Start of Records
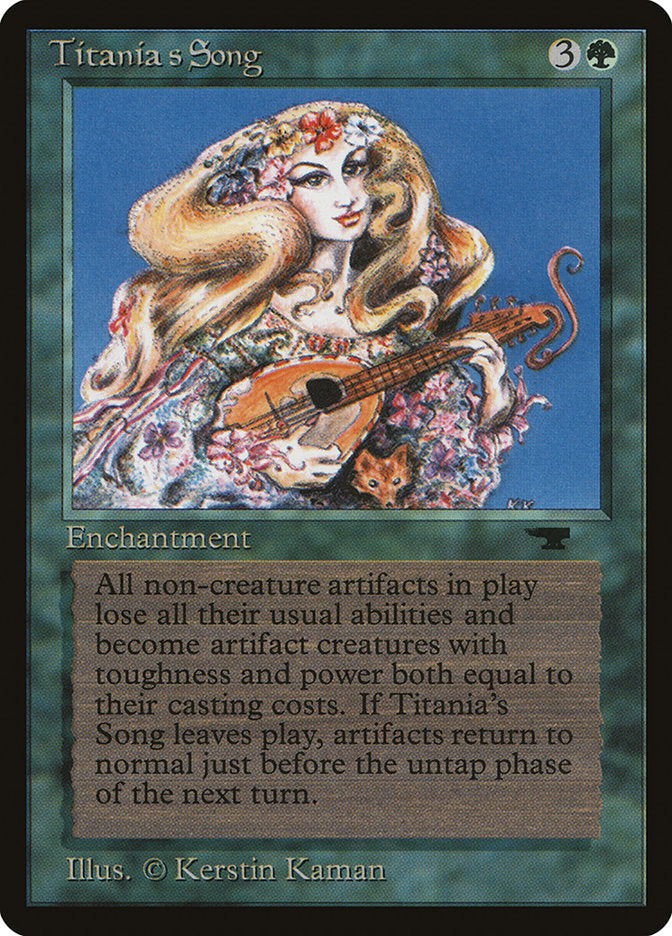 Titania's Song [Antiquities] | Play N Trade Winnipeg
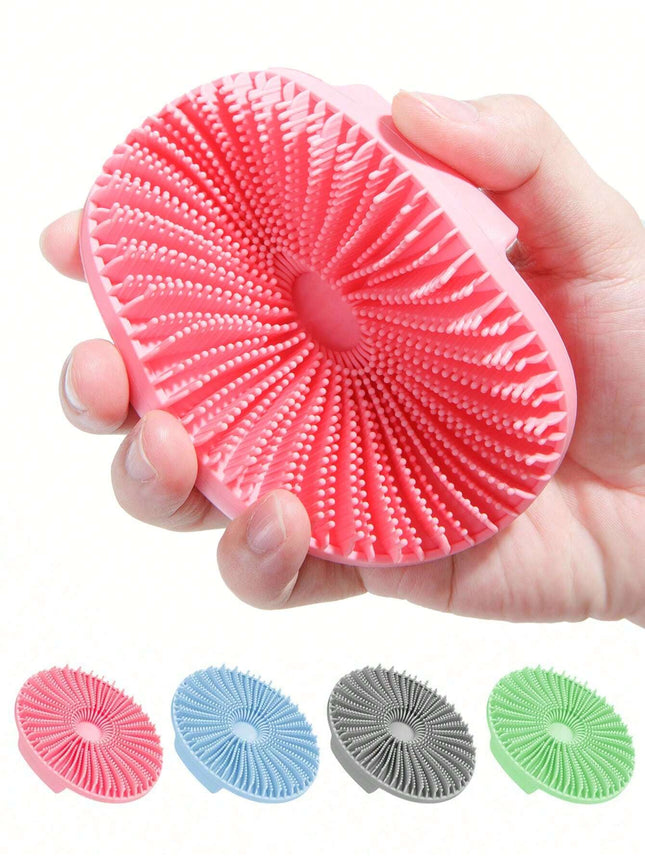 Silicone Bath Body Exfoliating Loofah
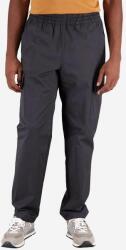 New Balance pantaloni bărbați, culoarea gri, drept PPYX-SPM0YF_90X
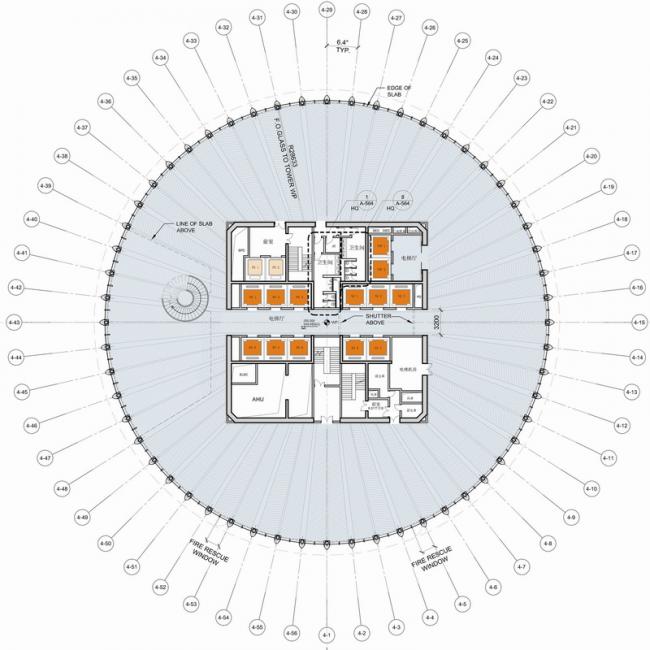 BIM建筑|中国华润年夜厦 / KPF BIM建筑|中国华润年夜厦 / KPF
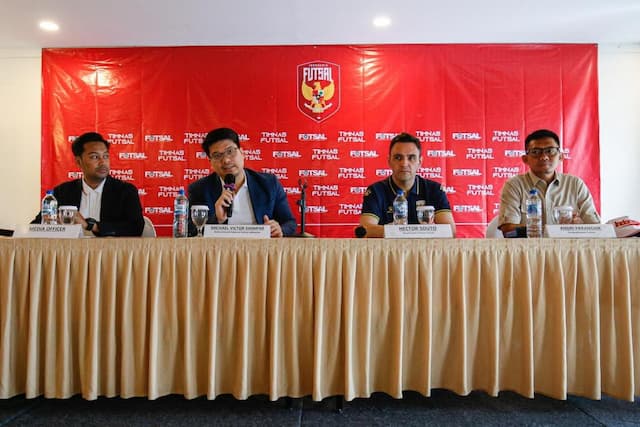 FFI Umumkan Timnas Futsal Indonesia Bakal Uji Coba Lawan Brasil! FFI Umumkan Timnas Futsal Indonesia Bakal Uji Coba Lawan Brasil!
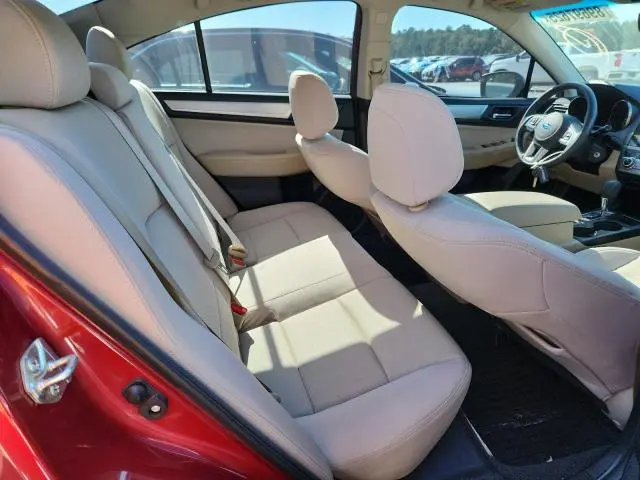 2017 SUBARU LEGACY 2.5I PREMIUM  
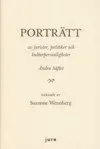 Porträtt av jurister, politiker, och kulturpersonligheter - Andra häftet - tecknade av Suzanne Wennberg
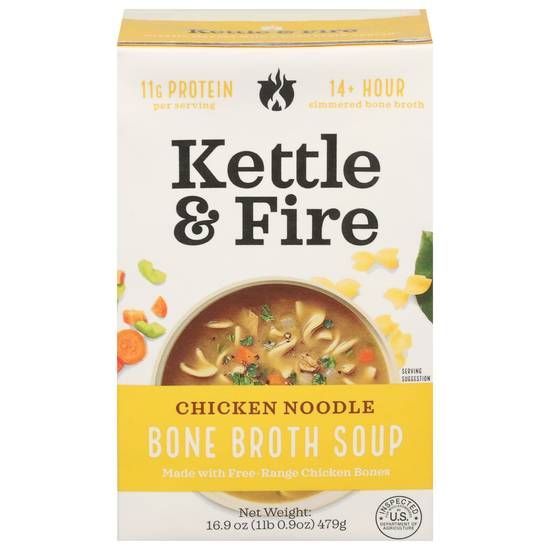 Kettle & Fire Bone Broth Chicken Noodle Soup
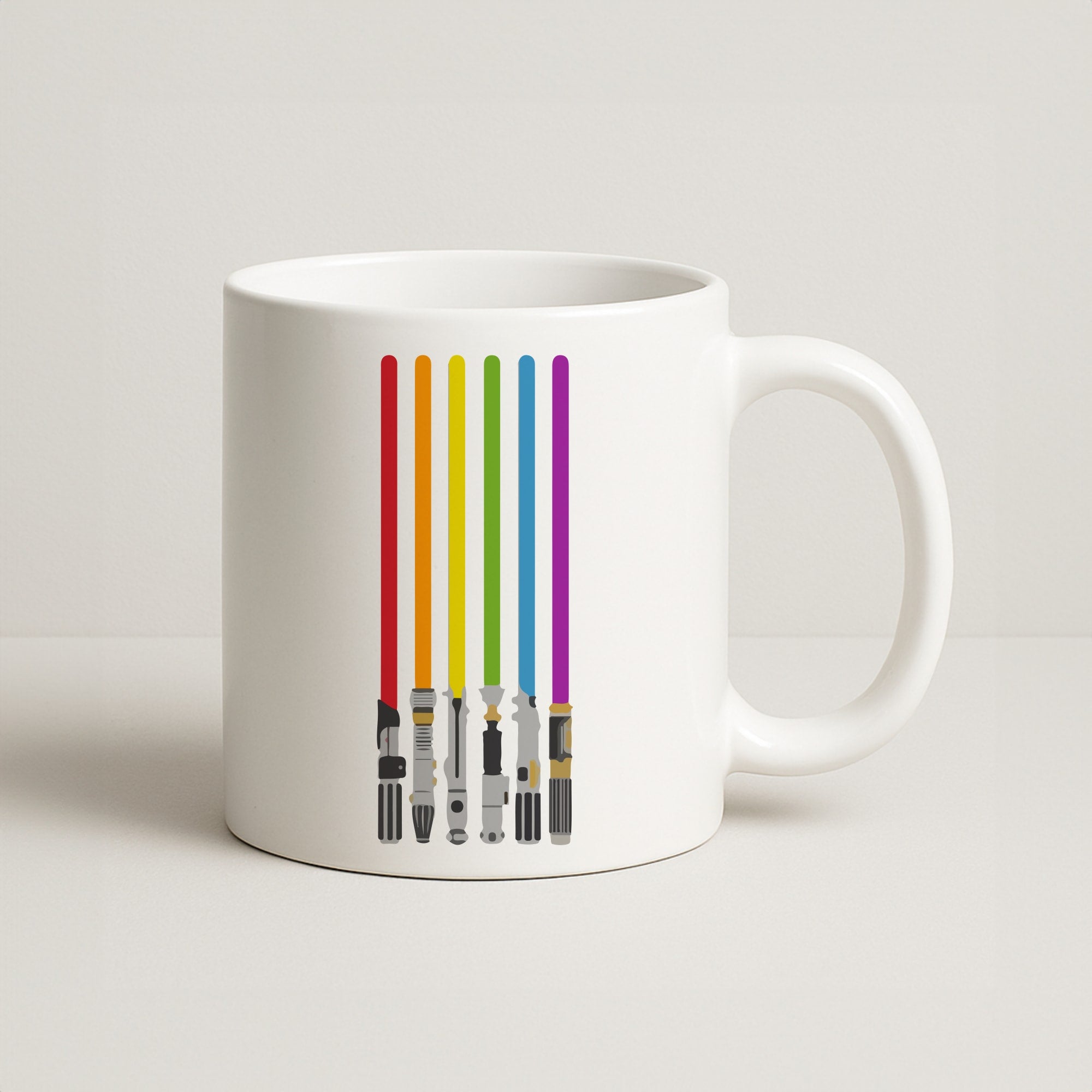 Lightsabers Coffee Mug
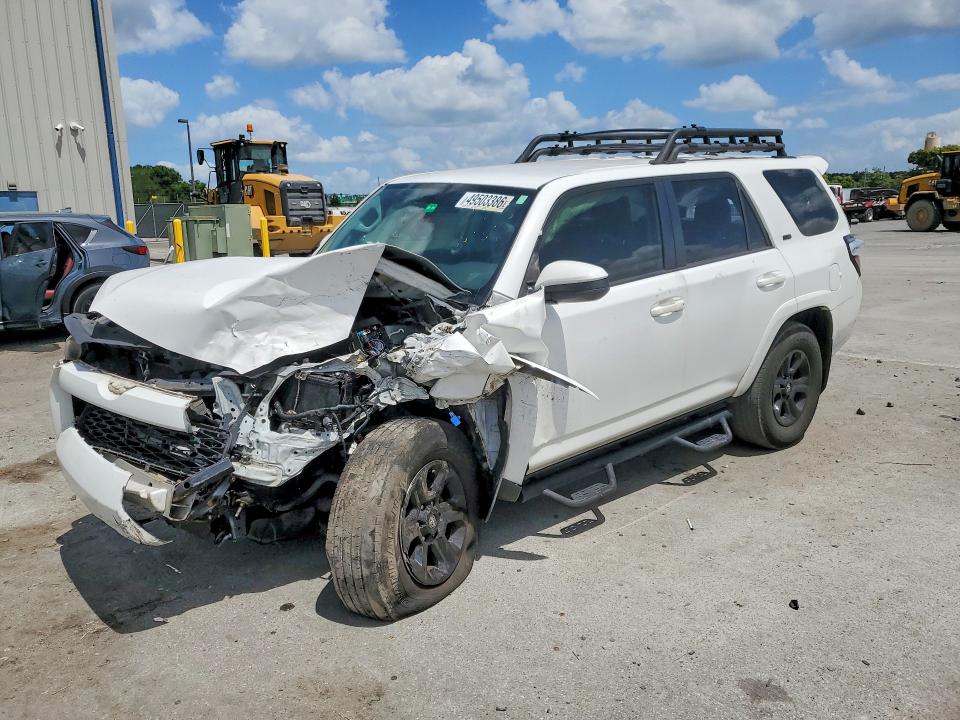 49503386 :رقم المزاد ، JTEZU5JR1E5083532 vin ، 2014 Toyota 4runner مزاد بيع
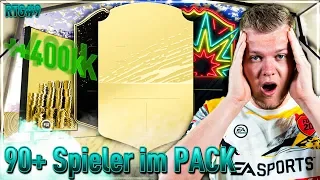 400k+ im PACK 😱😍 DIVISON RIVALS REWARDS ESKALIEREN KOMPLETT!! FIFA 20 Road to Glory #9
End of Records
### What you have to do
No pictures go in the copy. Output exactly the lines from the line containing "49503386 :رقم المزاد" through the end of the listing above.

### Completed exercise
 49503386 :رقم المزاد ، JTEZU5JR1E5083532 vin ، 2014 Toyota 4runner مزاد بيع
 400k+ im PACK 😱😍 DIVISON RIVALS REWARDS ESKALIEREN KOMPLETT!! FIFA 20 Road to Glory #9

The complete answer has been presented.